David Ormerod: To start with please tell us a bit about yourself and your research interests. How did you learn of Go and how did you become involved in computer Go?

martin mueller computer go picture

Martin Müller, computer Go expert.

Martin Müller: I am a professor in the Department of Computing Science at the University of Alberta in Edmonton, Canada.

My research interests are in heuristic search, studying how to solve large, complex problems using computer searches.

The main application areas studied in my research group are games such as Go, and automated planning.

In recent years, Monte Carlo search methods have been our main focus – both for games and for planning. As part of my game-related activities, I am the leader of the team developing the open source software Fuego, which was the first program to defeat a top professional in an even game on 9×9.

I learned Go when I was 15 years old and played a lot in my teens and early twenties. I am a 5, 6 or 7 Dan amateur player, depending on the country. My biggest success was probably taking 2nd place at the US Go congress open tournament in 1998.

I became interested in computer Go as an undergraduate in my home country of Austria, through my supervisor. This was around 1985. I have stayed with the topic ever since, doing a Diploma thesis, a PhD and a few postdocs, before getting my current job.

What’s Monte Carlo?

Most people with any interest at all in computer Go know that the strongest programs these days use a ‘Monte Carlo’ algorithm, but many people don’t know much more about it than that.

Could you briefly explain where the term Monte Carlo came from and what it means in this context?

The term Monte Carlo refers to an affluent suburb of Monaco which is famous for its Casino. Monte Carlo methods use statistics collected from randomized simulations as a way to analyze complex systems which are too hard to ‘solve’ by other means.

They were first developed for nuclear physics and atomic bomb research in the 1940s. Nowadays they are very widely used, but their application to games such as Go took off just a few years ago.

Now that computers are powerful enough, Monte Carlo methods are used across a wide variety of disciplines.

For example, I’ve used them at work to help with risk analysis. It’s often difficult to explain to people why this approach works though, because it seems so counterintuitive at first.

Do you have a good analogy to explain how a large enough number of random simulations can provide a useful answer to a question?

Statistical sampling, which is at the core of Monte Carlo methods, is a very powerful technique.

For example, think about opinion polls. Any single random person who you ask about their opinion may be completely crazy, but if you ask one thousand people, who are carefully selected to represent the overall population, then you get quite a good idea of the general mood and can use that to make informed decisions.

This is why we keep getting more and more of those pesky phone calls doing surveys at dinner time!

How computer Go programs improved

It’s been more than five years since UCT (an extension of Monte Carlo search) was first applied to Go, but the strongest programs were still at the kyu level not that long ago (at least on 19×19 boards).

In contrast, the strongest programs these days are dan level and they seem relatively sharp, even in tactical situations.

To what extent do they make use of heuristics for shape, tesuji, life and death, the opening and so on?

Many programs use learned local patterns such as 3×3 for simple shape, and they modify the playouts to avoid some bad tactical moves.

Also, when there is a single important fight going on, the full board search will be able to analyze it quite deeply, and do well in the tactics. The problems start when there are several fights going on at the same time.

For the opening, some programs simply use large scale patterns to imitate popular openings played by human experts.

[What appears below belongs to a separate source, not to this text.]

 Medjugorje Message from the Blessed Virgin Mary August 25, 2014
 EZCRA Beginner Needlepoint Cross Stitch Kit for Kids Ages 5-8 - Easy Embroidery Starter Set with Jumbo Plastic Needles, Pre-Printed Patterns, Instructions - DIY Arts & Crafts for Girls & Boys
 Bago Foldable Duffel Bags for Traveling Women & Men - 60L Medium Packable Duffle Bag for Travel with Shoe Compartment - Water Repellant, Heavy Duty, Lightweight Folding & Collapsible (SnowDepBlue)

But usually those are not absolute rules. These moves simply get a bonus, but the search can override them. So it is better than the hard coded ‘expert systems’ of the 1980s.

What other changes and improvements have helped computers get to their current mid-dan level on larger boards since then?

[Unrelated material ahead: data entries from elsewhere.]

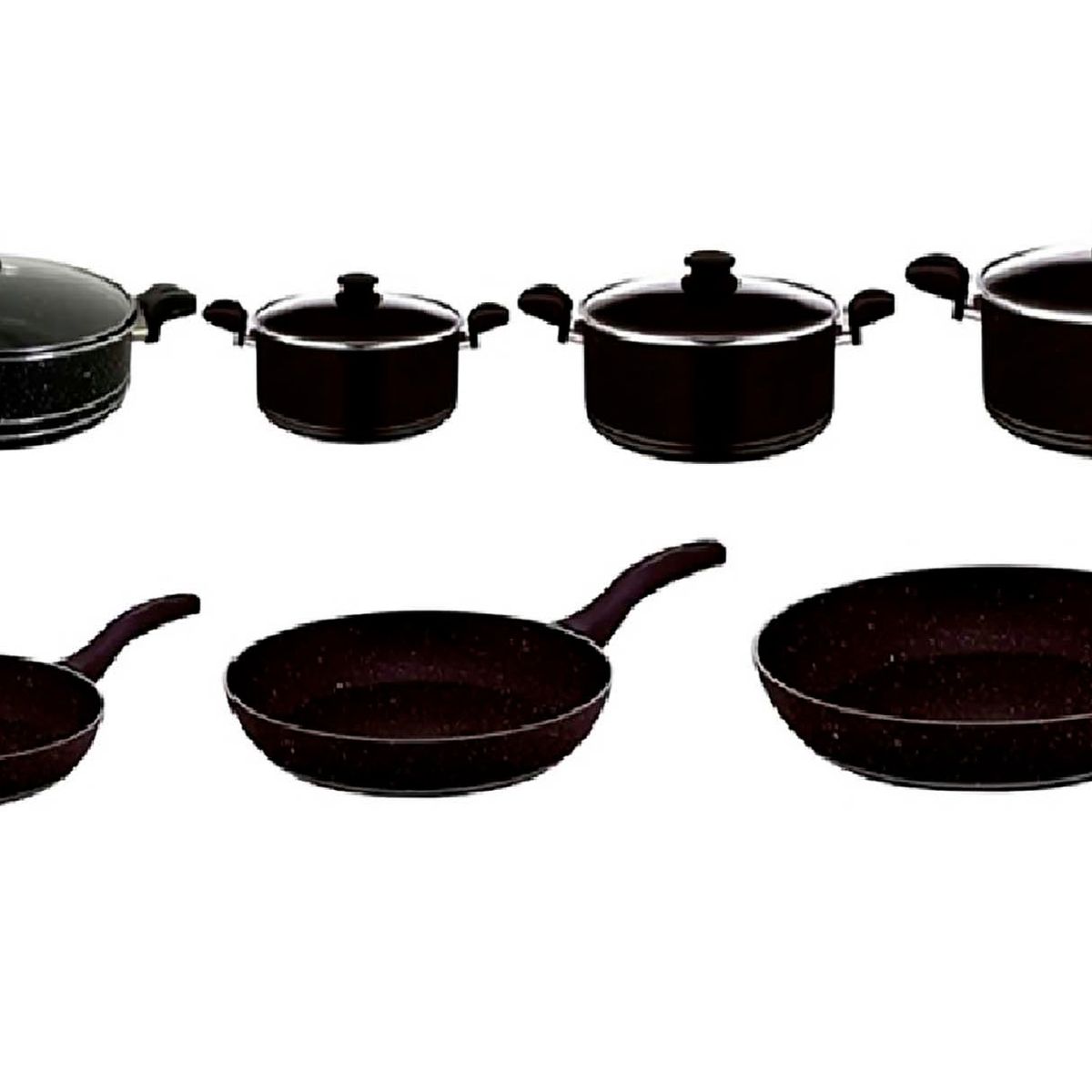 BONERA - Juego de Ollas 11 Piezas Granito Black Montella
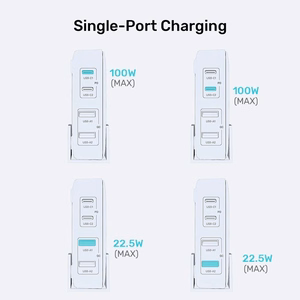 GaN tinklo įkroviklis - Unitek P1229ABK01-EU | 100W 2x USB-C 2x USB-A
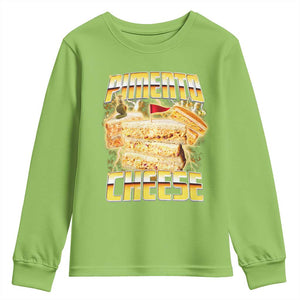 Pimento Cheese Youth Sweatshirt Funny Cheesemonger Cheese Lovers Bootleg Art TS11 Lime Print Your Wear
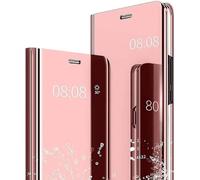 Nodigao Coque pour Xiaomi 15T Pro 5G Smart View Antichoc Miroir Dur avec Support Clapet Design Drôle Étui Bumper Kickstand Case Cover Housse - Or Rose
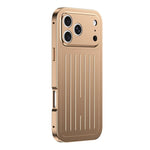 Custodia per telefono in lega di alluminio della serie King con texture a valigia e pellicola in vetro temperato., For iPhone 17 Pro Max, For iPhone 17 Pro, For iPhone Air, For iPhone 16 Pro Max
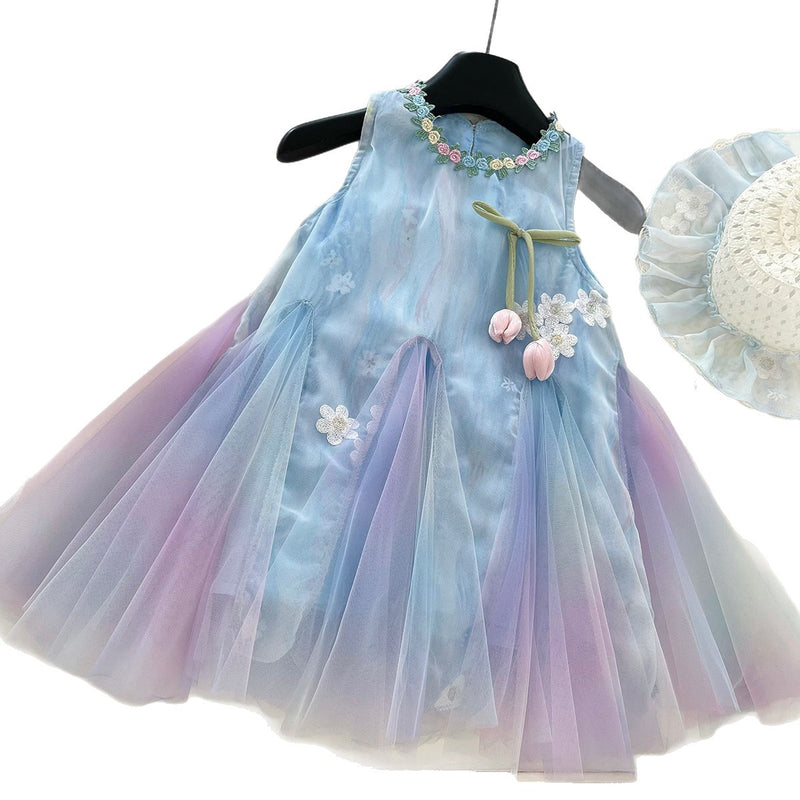 Girls Summer New Sleeveless Mesh Splicing Vest Princess Dress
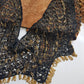 Insane 1970s Handmade Crochet Beaded Party Top / Skirt / Wrap - Tie at neck - Studio 54 - Black Crochet & Gold Beading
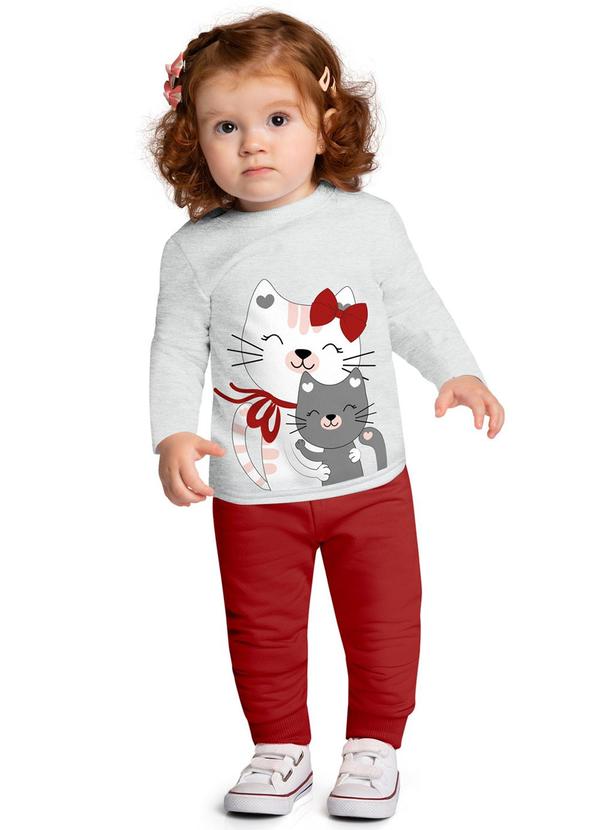 Kyly - Conjunto Infantil Menina Gatinhos Cinza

I think many factors are involved. Better patterns and rules as above, better search, better parallel scaling, several years of testing, debugging and tuning the programs, and better hardware all help.

What are the pros and cons of combining a knowledge based approach with a Monte Carlo approach?

Pros: it can patch up the weaknesses in the simulations to some degree. It helps the search focus on ‘probably good’ moves.

Cons: you lose speed, and may introduce other biases in the search.

Computers vs humans in the game Go

What are the top Go programs currently good or bad at compared to human players of a similar level?

For example, they seem to be better at fast games (which surprises many people). They also seem to have problems with wasting ko threats and with fighting ko in general.

Do you have any theories about why this is?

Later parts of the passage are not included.